建物の概要は前回の観測速報記事をご覧ください。

観測速報:三次元免震建物における福島県沖地震(2021年2月13日23時7分頃に発生)

代表的な水平方向の観測波として、Y(南北)方向の加速度観測波を上からRF・1F・B1Fの順に示します。免震階下端であるB1Fでは最大で44.82 [cm/s/s]である地震波が、免震階上端では最大で19.67 [cm/s/s]に小さくなっています。

鉛直方向の加速度観測波を、水平方向と同様に上からRF・1F・B1Fの順に示します。免震階下端であるB1Fでは最大で8.82 [cm/s/s]である地震波が、免震階上端では最大で7.44 [cm/s/s]に小さくなっています。

観測した加速度波形をトリファナック法によって積分して絶対変位波形を求めて、平面オービット図を作成しました(下図)。

前回と同様に免震装置の水平変形を考えます。上記の変位時刻歴と、別に設置されている変位計で直接観測した変位時刻歴を比較してみました(下図)。EW方向では基線のずれが見れますが、加速度を積分した結果と変形の値が良く一致しています。NS方向では基線のずれだけでなく最大変位にもズレが見られます。最大値がずれる原因として、トリファナック法による積分は高周波数のデータにフィルターがかかり補足できなかったことが原因と考えられます。

 

観測波の周波数特性を見るために、上記加速度波形の加速度応答スペクトル(減衰定数h=5%)を作成しました(上図:水平、下図:鉛直)。なお、本建物の耐震設計モデルによる1次固有周期は、水平方向が約3.0 (s)、鉛直方向が約1.3 (s)です。
水平方向では、約1.2 (s)より短周期となる領域では大幅に加速度が低減できており、免震の効果が明確に表れていると考えられます。

 

一方で、下図の鉛直方向では、入力レベルが小さ過ぎて明確な免震装置の影響は見られませんでした。
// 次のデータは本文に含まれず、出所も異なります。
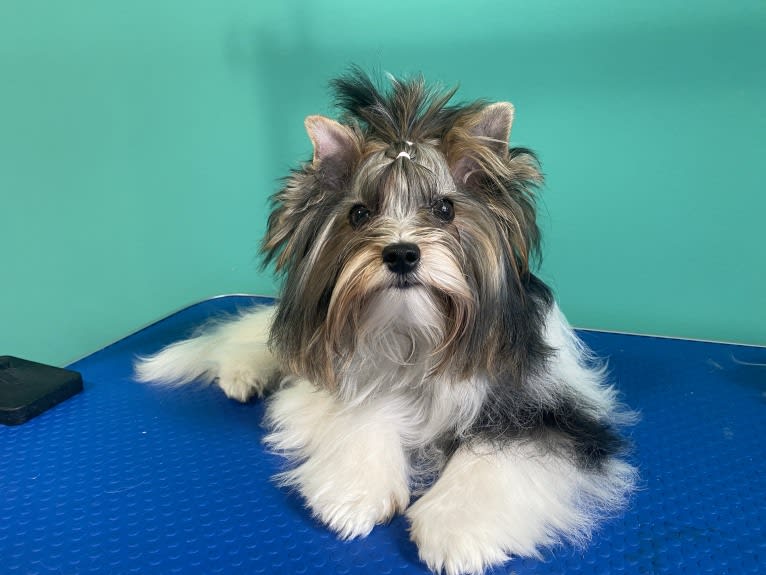 Simba, a Biewer Terrier tested with EmbarkVet.com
前回の観測速報(福島県沖地震)よりも地震の規模は小さかったですが、震源に近かったので前回と比べて大きな観測波を記録しました。

気象庁のデータで杉並区は長周期地震動階級1であったと発表があり、長周期地震動の影響が心配されましたが、絶対速度応答スペクトルが基準値の5[cm/s]を超えたのが1秒台であり、設計モデルの1次固有周期からは離れていたので応答変位は前回と比べて特別に大きくはなかったという印象を受けました。

本報告は深い考察ができておりませんが、速報としてお伝えいたします。